Responding to Recruiting Emails? - mdonahoe

I am not looking for a new job, but I keep getting emails from recruiters and startups.<p>I have been treating them as spam and ignoring the emails, but that just results in follow-ups.<p>Should I respond to all of them? Any advice?
======
rogerbinns
My resume/CV/linkedin includes a prominent "note to recruiters" link which
makes it clear what kind of a fit I'd be and vice versa. (eg I'm the kind of
person who is far better at being employee #6 than #60,001) It mentions other
things as well (eg getting a copy in Word format) and most importantly it says
to give the company name and explains why.

It is very apparent from the recruiter emails that come in which ones have
actually even bothered to read the note. The vast majority haven't which is a
good indication they aren't diligent with their clients either. The rest often
thank me for having it, or make other statements and are obviously showing
signs of competence so I respond back to them.

Since I run my own mailserver I then add the bad recruiters to a block list so
email from their domain is rejected at the SMTP level. The reason for blocking
the domain not the individual is that recruiters are in the recruitment
business - if they can't hire good people for their own business in a field
they specialise in, why should they be trusted for IT?

------
vinjay
I perfectly agree with you that most of the portals out over there does not
respect the privacy of the Professional. Also if you see, in most of the
portals, a Professional dont have a Choice about when he should receive a call
from a recruiter [I mean this in the Indian scenario]. Based on these cues we
have build portal azzist.com where the benefits for Professionals is
"Privacy". We have a "Do Not disturb" privacy option which helps Professionals
to protect their privacy. Any feedback about azzist.com is welcome so that we
can make it as a perfect platform where the Privacy is protected.

------
sherm8n
Oh I love responding to recruiters who have no idea how to approach a
programmer.

For really vague/template type emails I email the CEO of the company to give
them feedback about their recruiters. Generally, they appreciate it.

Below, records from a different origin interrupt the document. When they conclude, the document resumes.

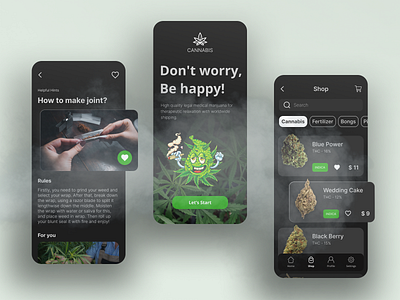 Cannabis E-Commerce Store App Mobile Concept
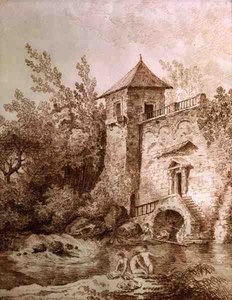 The Baders (sangvinsk på papir) af Hubert Robert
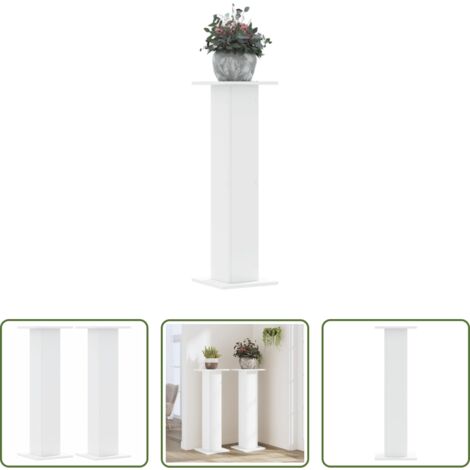 vidaXL Soportes decorativos -  Soportes de plantas 2 uds madera ingeniería blanco 30x30x95 cm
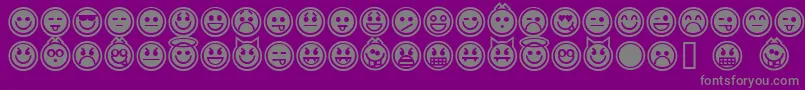 Czcionka EmoticonsOutline – szare czcionki na fioletowym tle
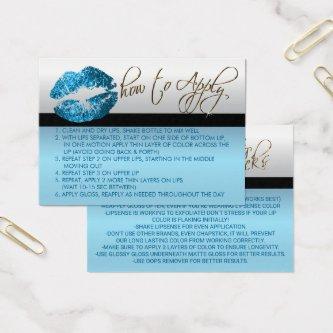 Soft Blue Glitter Lips - How to Apply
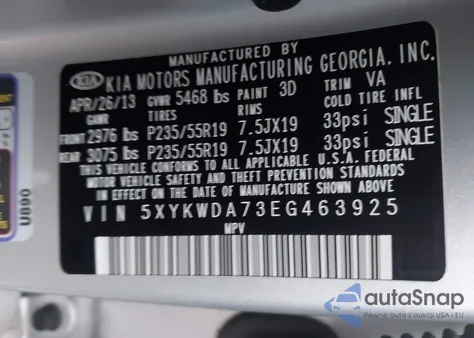 2014 Kia Sorento Sx V6 z USA, uszkodzony, nr VIN 5XYKWDA73EG463925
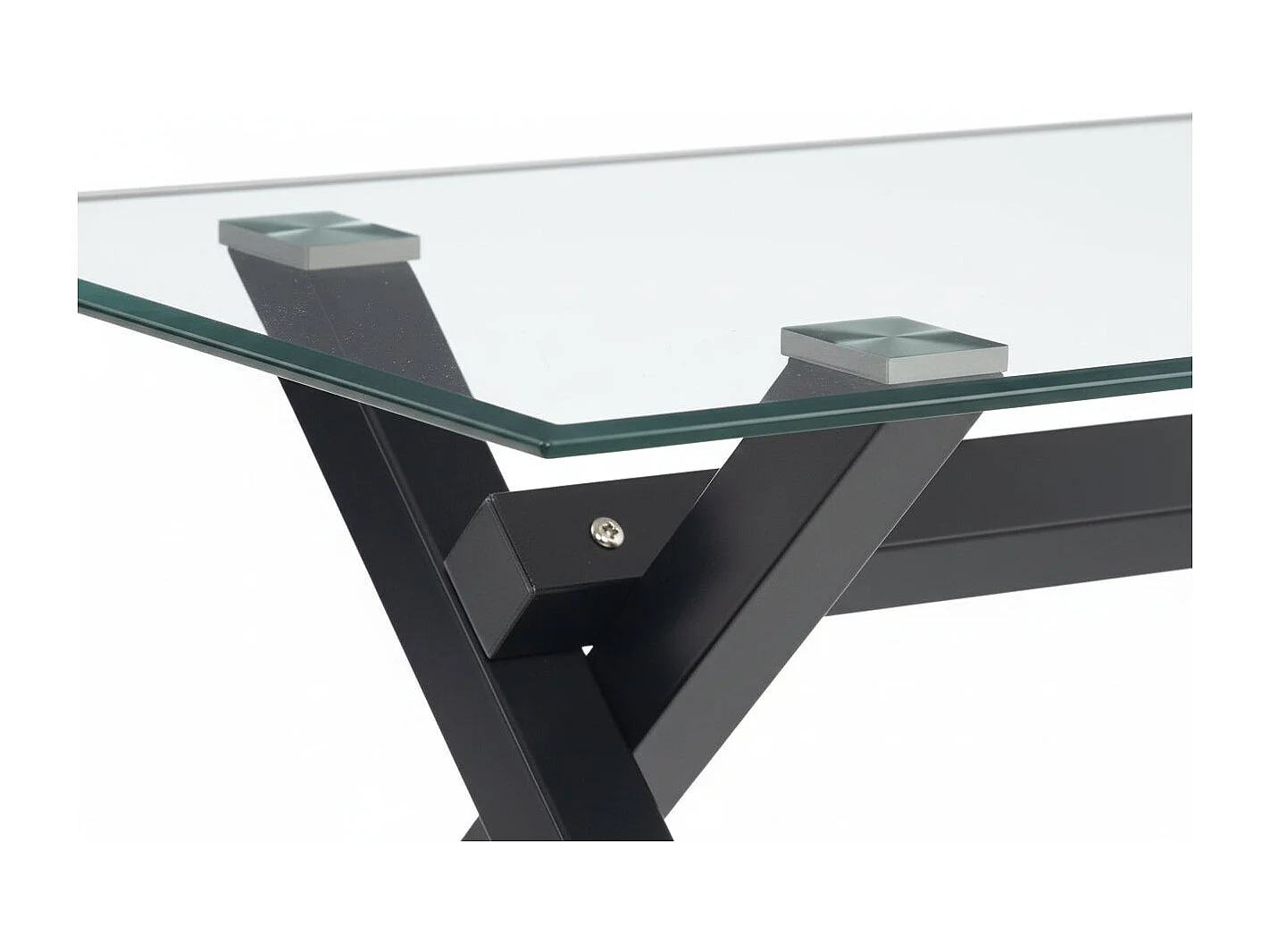 Table Basse IXE Métal Chrome Plateau Verre Trempé Transparent 120x60x45cm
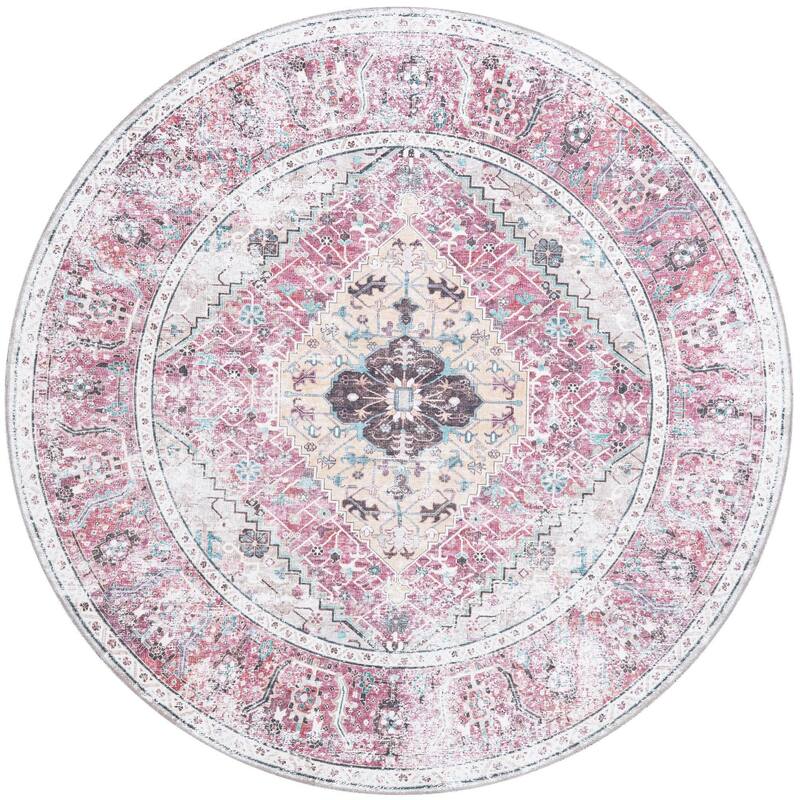 Traditional Tira Collection Area Rug - 7'10" Round - Light Coral-Pink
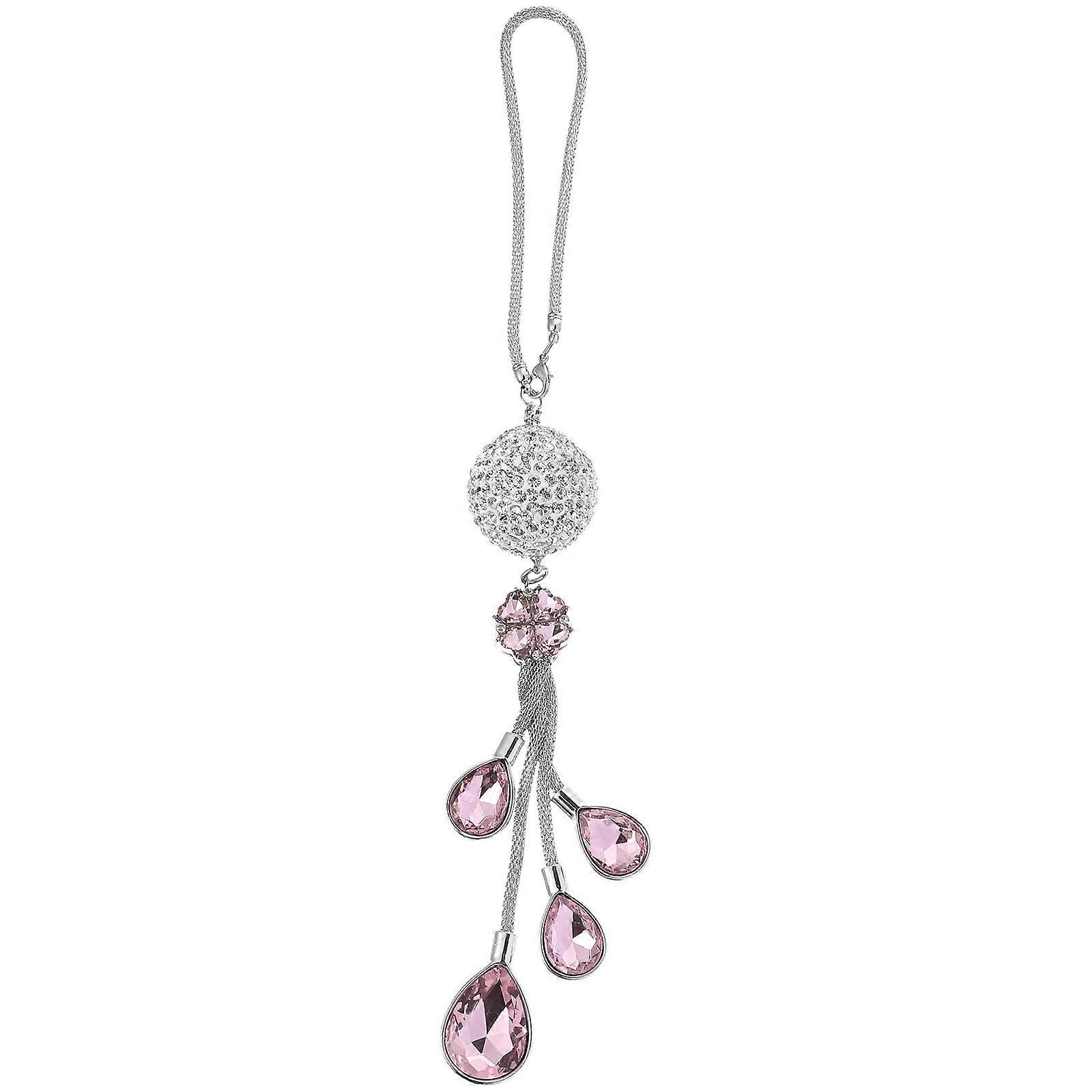 Pink Crystal Pendant Diamond-Embedded Hanging Pendant for Car Use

For competent recruiters, I tell them to have the founder(s), ceo, or whoever
is hiring to call me directly at XXX-XXX-XXXX. I like to cut directly to the
chase.

That being said you should totally respond to interesting companies, see what
they're working on, and then decline politely.

------
jem_nz
If the company exists (a quick google search should show this) then they
typically stop and remove you from their lists if you respond. It can also be
a slightly kinder thing to do IMO.

I sometimes respond, but only if I'm in a good mood.

------
orangethirty
Keep a pre-written email and send it to these people. Be nice to them and
decline politely. Its best to leave doors unlocked for future opportunities.